For some reason, there are lessons that take a long time to learn – however often an action leads to negative consequences, you just seem bound to repeat it. One lesson I really hope I have now learned is that reading from a script doesn’t work – at least not for me. In the past few years I have tried this in numerous situations:
- giving speeches (such as at the E-Learning Awards a week or so back)
- when presenting a Pecha Kucha (that’s 20 slides each displayed for 20 seconds if you’ve yet to be initiated)
- when recording a screencast (it sounds so much better when improvised)
- when recording a podcast (free-form interviews work much better)
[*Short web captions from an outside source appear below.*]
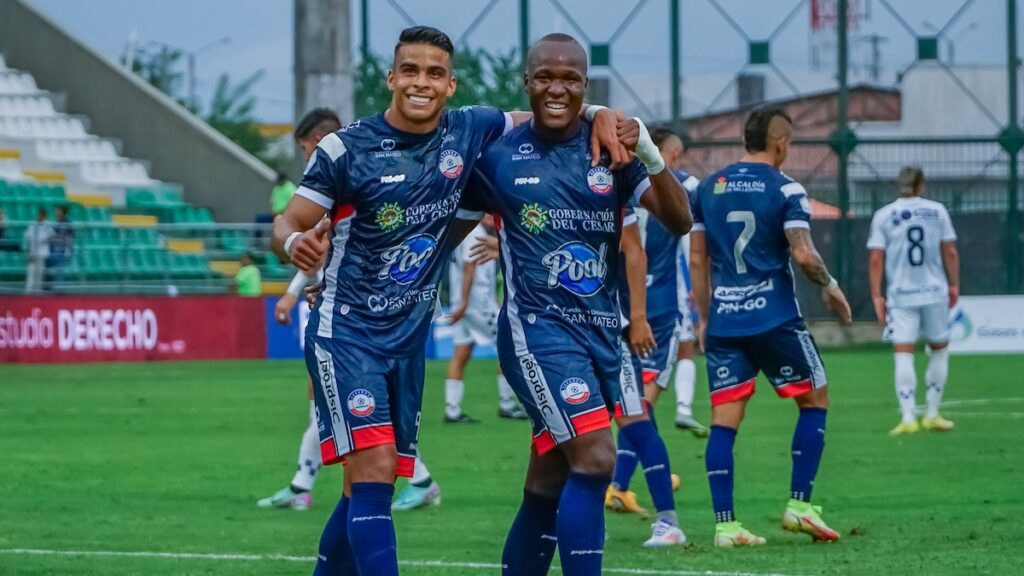 Misael Martínez y Émerson Batalla celebran. - Vizzor Image.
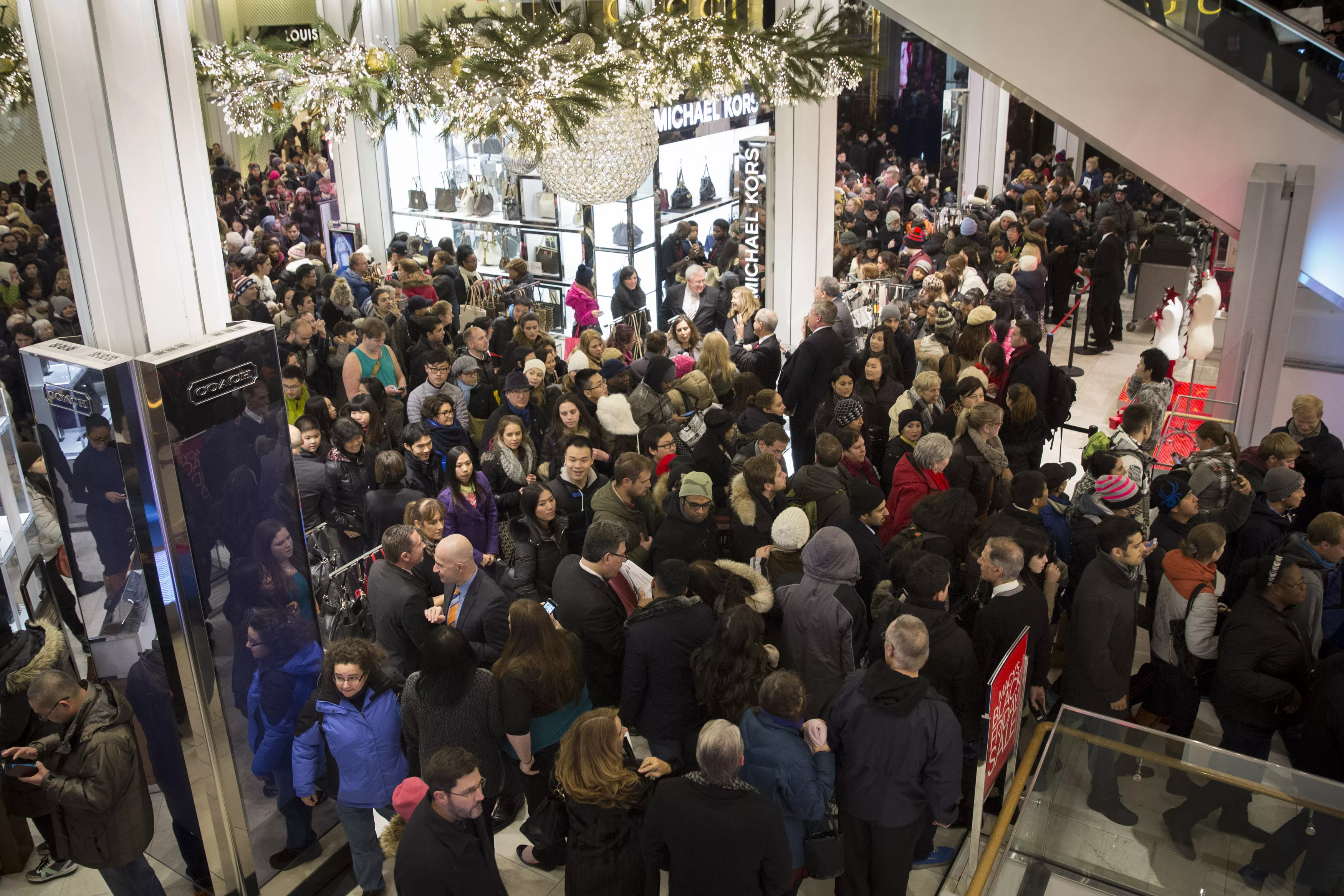 shoppers-enter-macys-to-kick-off-black-friday-sales-in-new-york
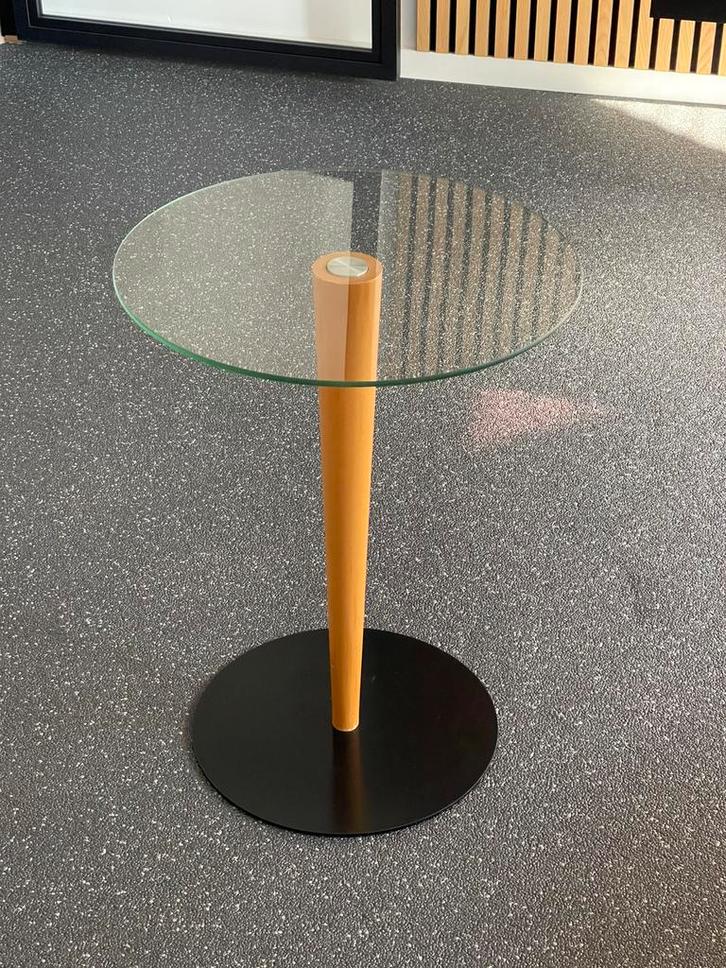 Vintage Design minimalistisch jaren 70 bijzettafel sidetable, Huis en Inrichting, Tafels | Salontafels, Zo goed als nieuw, Minder dan 50 cm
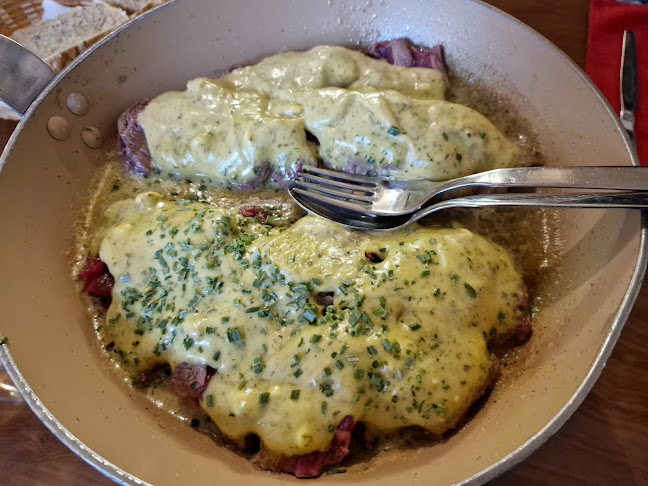 Opinii despre Restaurant du Raisin în La Chaux-de-Fonds - Gastronomie und Hotellerie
There are good reasons for thinking that reading from a script will work. After all, the best TV presenters do it convincingly. And you can be absolutely sure that you’re going to cover every point clearly. However, reading from a script doesn’t work well in a face-to-face setting because it forces you to lose eye contact with the audience for sustained periods. And even when you’re recording a voice-over it’s really hard not to come over as wooden and rather boring.
Can it be made to work? Well, perhaps, but professionals have one of two advantages: either they’ve got the luxury of a teleprompter, which allows them to retain eye contact with the audience or camera; or they’ve rehearsed well enough that they’ve got so familiar with the words that they only need to refer to them periodically. As Mark Twain said,”It usually takes me more than three weeks to prepare a good impromptu speech.”
I’ve made two resolutions. First, to avoid having to use any type of script if at all possible. Far better to trust in your instincts and talk around some key headings. Second, where a tight structure is absolutely essential, make sure I write the words in a form that suits being spoken and not read, and then put in the hard work as actors do and learn your lines.
As a natural speaker, my father is my model here. He would quite happily get up and speak at any occasion. He never prepared and he never had a single note. He just said the right thing without fuss and sat down again. No slides and few jokes, but effortless.